LOW-DOSE METHOTREXATE AS AN AGENT TO TARGET IL-6 AND CRP AND POTENTIALLY REDUCE CARDIOVASCULAR EVENT RATES AND NEW ONSET DIABETES: THE CIRT TRIAL

Testing the inflammatory hypothesis of atherothrombosis requires a specific intervention that (a) inhibits inflammation without having substantive impact on other pathways of the atherothrombotic process, and (b) has a safety profile allowing evaluation in randomized trial settings (26). Low-dose methotrexate (LDM) has multiple attributes that make it an appropriate agent to test directly the inflammatory hypothesis of atherothrombosis.

First, LDM (range, 10 to 20 mg/wk) is widely used and has an enviable safety profile among patients with rheumatoid arthritis and psoriasis, patient groups known to have increased risks for cardiovascular disease. Further, comprehensive guidelines from the American College of Rheumatology exist regarding dosing regimens, drug monitoring, and the identification of high-risk patient subgroups (28). This experience greatly reduces the potential for unanticipated off-target toxicity.
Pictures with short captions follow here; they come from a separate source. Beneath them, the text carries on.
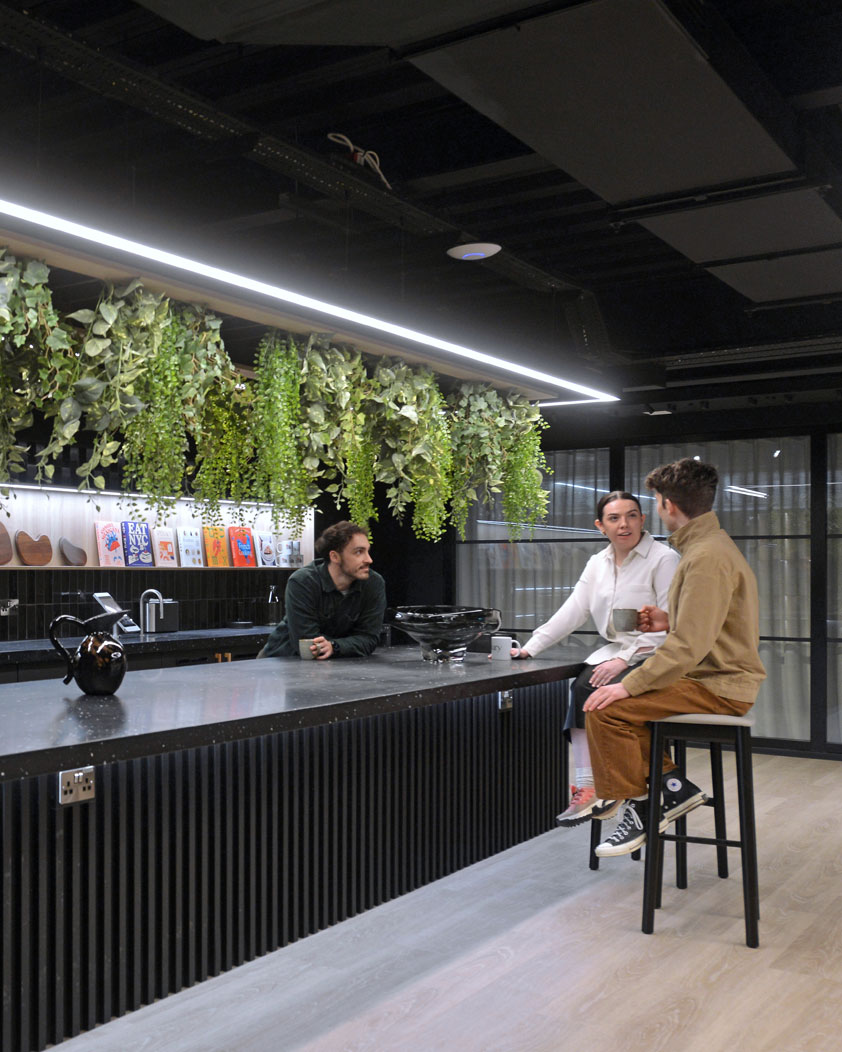 people on stools at a bar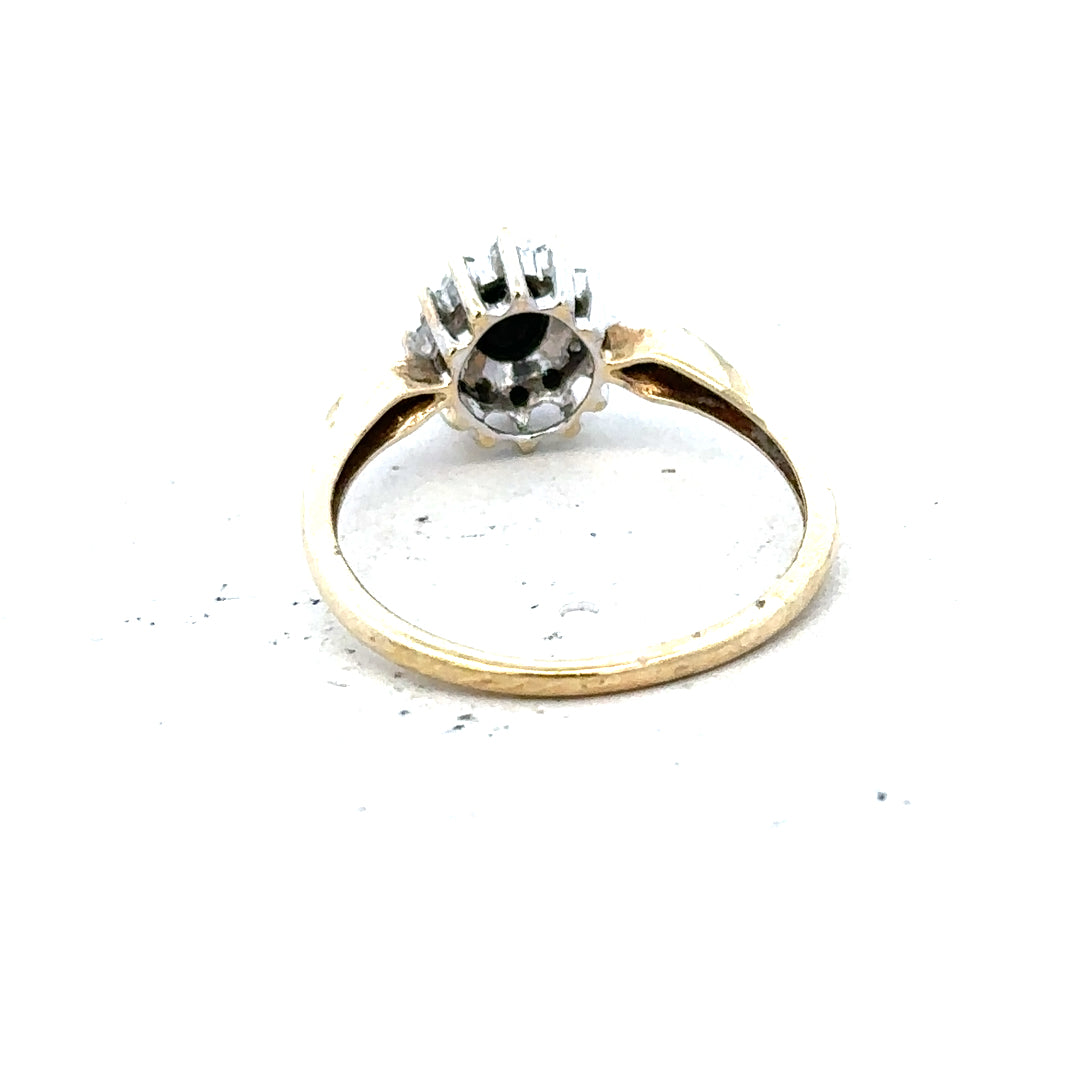 9ct yellow gold sapphire and diamond ring in size P, featuring a central sapphire with diamond accents, unbranded jewelry design.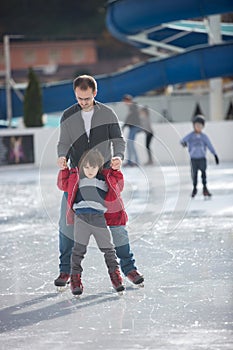 Happy excited little boy and his young father learning ice-skating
Second, LDM reduces several inflammatory biomarkers including CRP and IL-6 in patients with rheumatoid arthritis (RA) and psoriasis. By contrast, LDM does not have substantive effects on lipid levels, hemostasis, or platelet function. Thus, LDM provides a mechanism to test the inflammatory hypothesis of atherothrombosis without confounding effects on other important vascular pathways.

Third, among both RA and psoriasis patients assessed in seven cohort and case-control settings (2935), available observational epidemiologic data suggest that exposure to LDM is associated with reductions in cardiovascular morbidity and mortality, even though those receiving LDM have worse vascular risk factor profiles, data mitigating against indication bias. These data have been verified in a recent systematic overview (36). Of interest, the cardiovascular benefit of LDM was observed despite the fact that patients initiating treatment (mean dose, 13 mg/wk) had worse prognostic factors for mortality when compared to patients not being treated with LDM. Other observational studies of RA patients taking LDM have shown improvement in heart failure and reduction in carotid intima media thickness (37). Excess vascular risk unexplained by traditional risk factors among those with RA or psoriasis also supports the conceptual basis for a trial of anti-inflammatory therapy among those with a persistent enhancement of the innate immune response.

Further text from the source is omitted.